The Chung-Hua Institution for Economic Research’s (CIER) manufacturing purchasing managers’ index (PMI) last month fell for the third consecutive month, dropping 1.7 points from May to 53.6, as various global and domestic uncertainties slowed the expansion of the local economy.
However, the 53.6 points recorded last month were still higher than the 50-point threshold of growth, indicating the manufacturing sector is still expanding, albeit at a slower pace, the institute added.
The results showed some differences from HSBC Holdings PLC’s Taiwan Purchasing Managers’ Index (PMI), which posted a reading of 49.5 last month, up from 47.1 in May, indicating that the business climate is deteriorating marginally, but that the pace of decline is slowing.
“Under the current global economic conditions, Taiwan may see its economy grow by between 2 percent and 3 percent this year,” CIER president Wu Chung-shu (吳中書) told a press conference.
Economic sentiment in Europe has been gradually recovering, with the US economy expected to show some volatility, Wu said, adding that GDP growth in China may slow further this year.
Wu said that uncertainties about the global economic outlook raised the uncertainties in evaluating current economic condition in Taiwan.
However, the decline of the PMI reading in China last month indicated that demand from China has slowed, which may further affect Taiwan’s manufacturing sector, Wu added.
The official PMI in China slipped to 50.1 last month from May’s 50.8, just slightly above the 50-point level that indicates growth.
The PMI data produced by the Taipei-based think tank — a leading indicator of the economic outlook for the next three to six months — is comprised of five sub-indices: new orders, production, employment, inventories and supplier deliveries.
The sub-index of employment was the only indicator to show a month-on-month increase last month, after it rose 2.4 points to 56.6, the CIER said in its monthly report.
The new orders sub-index declined by 4.1 points month-on-month to 51.4 last month, its lowest level since October last year, while the production sub-index fell to 55.5, down 0.8 points from a month earlier, the report said.

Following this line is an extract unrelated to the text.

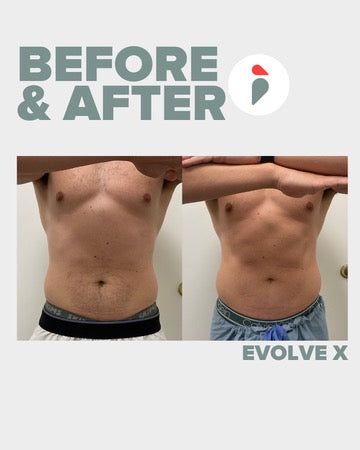 Evolve X – Nashville patient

The supplier deliveries sub-index shrank by 4.8 points from May to 50.1 last month, with the inventories sub-index down 1.4 points to 54.3 in the same period, the data showed.
Differentiated by industry, the sub-index for the food and textile industry rose to 57 points last month, from 55.6 points in May, signifying that the food sector has gradually recovered from the impact of food safety concerns, the data indicated.